Collected data entries:
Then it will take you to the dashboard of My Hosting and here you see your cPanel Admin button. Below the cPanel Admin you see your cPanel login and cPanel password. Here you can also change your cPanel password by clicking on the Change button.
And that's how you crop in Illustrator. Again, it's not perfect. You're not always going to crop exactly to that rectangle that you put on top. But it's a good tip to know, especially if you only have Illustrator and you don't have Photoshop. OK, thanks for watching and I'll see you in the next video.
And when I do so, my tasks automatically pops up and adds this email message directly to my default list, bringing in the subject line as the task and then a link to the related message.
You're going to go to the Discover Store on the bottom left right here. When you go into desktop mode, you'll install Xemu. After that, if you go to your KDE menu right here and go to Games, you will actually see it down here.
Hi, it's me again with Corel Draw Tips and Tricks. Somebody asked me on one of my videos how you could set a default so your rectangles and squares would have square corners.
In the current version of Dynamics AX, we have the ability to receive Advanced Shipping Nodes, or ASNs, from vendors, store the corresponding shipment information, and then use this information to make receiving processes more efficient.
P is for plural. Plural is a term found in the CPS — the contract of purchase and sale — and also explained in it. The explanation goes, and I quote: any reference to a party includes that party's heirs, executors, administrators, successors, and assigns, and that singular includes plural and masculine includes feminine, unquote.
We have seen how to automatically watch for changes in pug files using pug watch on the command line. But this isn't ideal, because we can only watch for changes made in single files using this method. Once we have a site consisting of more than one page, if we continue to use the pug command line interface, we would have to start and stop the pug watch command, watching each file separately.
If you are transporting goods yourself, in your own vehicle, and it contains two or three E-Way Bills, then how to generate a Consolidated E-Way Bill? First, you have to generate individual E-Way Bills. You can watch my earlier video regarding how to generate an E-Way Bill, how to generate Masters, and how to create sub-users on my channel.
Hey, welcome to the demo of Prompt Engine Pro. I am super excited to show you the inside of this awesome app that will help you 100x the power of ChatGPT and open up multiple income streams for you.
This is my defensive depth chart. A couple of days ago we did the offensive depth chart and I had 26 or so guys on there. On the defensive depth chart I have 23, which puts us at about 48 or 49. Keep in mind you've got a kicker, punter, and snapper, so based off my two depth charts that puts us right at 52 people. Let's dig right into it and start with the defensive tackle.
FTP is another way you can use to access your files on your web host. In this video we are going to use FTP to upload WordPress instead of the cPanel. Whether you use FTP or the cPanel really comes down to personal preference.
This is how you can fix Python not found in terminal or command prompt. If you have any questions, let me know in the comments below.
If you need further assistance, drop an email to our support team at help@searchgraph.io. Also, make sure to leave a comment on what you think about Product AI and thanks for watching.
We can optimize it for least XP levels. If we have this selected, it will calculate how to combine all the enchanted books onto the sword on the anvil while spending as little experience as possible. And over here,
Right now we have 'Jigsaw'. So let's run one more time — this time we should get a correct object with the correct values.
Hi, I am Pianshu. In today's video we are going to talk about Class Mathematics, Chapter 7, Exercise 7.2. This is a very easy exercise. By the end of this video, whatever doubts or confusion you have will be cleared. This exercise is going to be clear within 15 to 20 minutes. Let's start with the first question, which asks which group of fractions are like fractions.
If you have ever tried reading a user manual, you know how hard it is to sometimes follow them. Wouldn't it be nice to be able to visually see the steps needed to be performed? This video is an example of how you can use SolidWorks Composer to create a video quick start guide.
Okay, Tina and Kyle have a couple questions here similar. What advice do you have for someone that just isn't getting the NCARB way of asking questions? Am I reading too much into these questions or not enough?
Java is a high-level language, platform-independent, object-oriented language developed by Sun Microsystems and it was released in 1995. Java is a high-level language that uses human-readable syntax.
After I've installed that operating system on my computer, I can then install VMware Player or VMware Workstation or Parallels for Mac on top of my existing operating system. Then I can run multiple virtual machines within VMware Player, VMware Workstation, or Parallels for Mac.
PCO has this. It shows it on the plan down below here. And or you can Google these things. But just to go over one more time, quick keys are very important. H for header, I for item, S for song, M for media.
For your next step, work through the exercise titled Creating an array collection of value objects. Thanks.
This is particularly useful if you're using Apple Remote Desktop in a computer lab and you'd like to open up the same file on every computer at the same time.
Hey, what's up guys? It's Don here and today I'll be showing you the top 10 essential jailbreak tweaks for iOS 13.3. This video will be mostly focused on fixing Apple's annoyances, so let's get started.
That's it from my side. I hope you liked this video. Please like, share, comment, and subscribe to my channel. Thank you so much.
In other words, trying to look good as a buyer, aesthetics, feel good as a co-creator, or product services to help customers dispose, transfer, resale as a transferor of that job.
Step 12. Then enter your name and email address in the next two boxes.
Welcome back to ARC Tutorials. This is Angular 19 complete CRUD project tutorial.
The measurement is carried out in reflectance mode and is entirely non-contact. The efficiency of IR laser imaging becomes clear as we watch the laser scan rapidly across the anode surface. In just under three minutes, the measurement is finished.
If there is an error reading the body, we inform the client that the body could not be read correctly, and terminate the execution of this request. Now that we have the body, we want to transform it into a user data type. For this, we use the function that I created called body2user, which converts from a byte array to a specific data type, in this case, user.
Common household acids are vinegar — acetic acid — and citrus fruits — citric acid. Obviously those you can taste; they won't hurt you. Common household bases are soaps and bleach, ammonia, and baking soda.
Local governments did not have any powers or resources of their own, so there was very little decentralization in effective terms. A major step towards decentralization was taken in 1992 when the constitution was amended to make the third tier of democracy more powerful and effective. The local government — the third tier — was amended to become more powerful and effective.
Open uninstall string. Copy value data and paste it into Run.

| EXERCISE DIRECTIONS |
Find, please, how many lines in the data include the word "make", and put down that number only.

| OUTPUT BELOW |
3